Group 2 got the opposite message:
As you write, keep in mind that you a significant amount of time left to spend at UVA. In fact, you have about 1/10 of a year left before graduation.
Group 3 received no such instructions, and was asked to write about a typical day, while Groups 1 and 2 wrote about their friends, the campus, their activities, and their overall college experience.
Then, four times over the following two weeks, all participants were asked to expand on their original essays, and respond to an online survey asking whether they had participated in any of ten activities, such as spending time with friends, or going to a restaurant/bar/coffee shop. Each time Group 1 and Group 2 were reminded of how soon or far away graduation was, as before. Finally they were were given the same happiness scale they had taken on the first day of the study.

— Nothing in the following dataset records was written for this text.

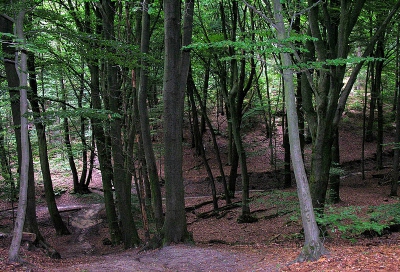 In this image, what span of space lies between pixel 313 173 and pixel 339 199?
588cm

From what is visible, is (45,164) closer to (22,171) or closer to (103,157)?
(103,157)

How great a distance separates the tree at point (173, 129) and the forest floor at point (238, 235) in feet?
1.67

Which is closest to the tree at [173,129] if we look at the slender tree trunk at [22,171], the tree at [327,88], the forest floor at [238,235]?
the forest floor at [238,235]

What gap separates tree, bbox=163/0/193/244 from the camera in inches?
300

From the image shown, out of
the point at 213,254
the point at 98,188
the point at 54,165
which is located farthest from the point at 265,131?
the point at 213,254

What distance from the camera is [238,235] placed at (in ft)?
36.0

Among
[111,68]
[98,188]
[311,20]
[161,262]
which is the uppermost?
[311,20]

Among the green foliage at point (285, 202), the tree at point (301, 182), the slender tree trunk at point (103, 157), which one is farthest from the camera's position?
the slender tree trunk at point (103, 157)

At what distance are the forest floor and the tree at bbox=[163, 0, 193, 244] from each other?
51cm

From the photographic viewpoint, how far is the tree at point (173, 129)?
25.0ft

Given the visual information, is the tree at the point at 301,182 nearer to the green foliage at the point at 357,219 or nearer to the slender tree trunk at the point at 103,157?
the green foliage at the point at 357,219

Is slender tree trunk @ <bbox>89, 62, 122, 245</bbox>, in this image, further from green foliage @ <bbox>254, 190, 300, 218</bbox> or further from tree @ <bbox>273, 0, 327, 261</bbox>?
tree @ <bbox>273, 0, 327, 261</bbox>

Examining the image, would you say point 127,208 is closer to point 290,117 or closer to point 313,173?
point 313,173

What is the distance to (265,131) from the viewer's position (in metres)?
27.1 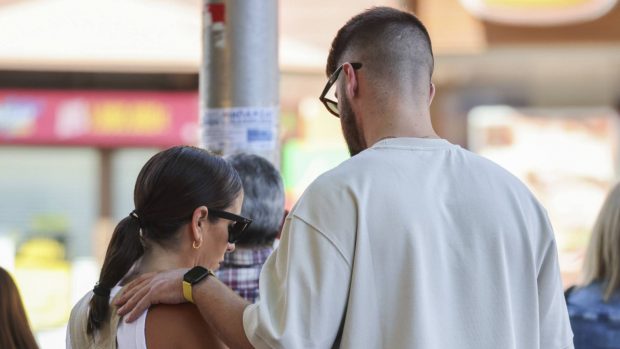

So, did the different groups have different happiness ratings? Here are the results:
The students who had been reminded of how soon graduation was (Group 1) said they were significantly happier than at the start of the study, and their reported happiness had risen significantly more than either of the other two groups. Group 1 also reported participating in more activities over the course of the study than the other groups.
While both Group 1 and Group 2 said they enjoyed college just as much, even after participating in the study, Group 1 was nonetheless happier and more socially active. The study doesn’t show whether the increased happiness led to more social activities or vice versa, but other studies have found that more socially active and connected people tend to be happier, so it’s quite possible that reflecting on how little time was left in college led these students to seek more social support, which in turn made them happier.
Kurtz says it’s unclear whether these results would hold for different time periods. For example, would obsessing over the fact that their life expectancy is a mere 80 years help a 20-year-old become happier or more socially active? It’s not as far-fetched as it may seem: people who learn of terminal illnesses often seek out more emotional satisfaction as they strive to find fulfillment.
Much clearer, of course, are the benefits of short-term sabbaticals like vacations and summer camps. Which reminds me — I need to start planning for next summer’s vacation!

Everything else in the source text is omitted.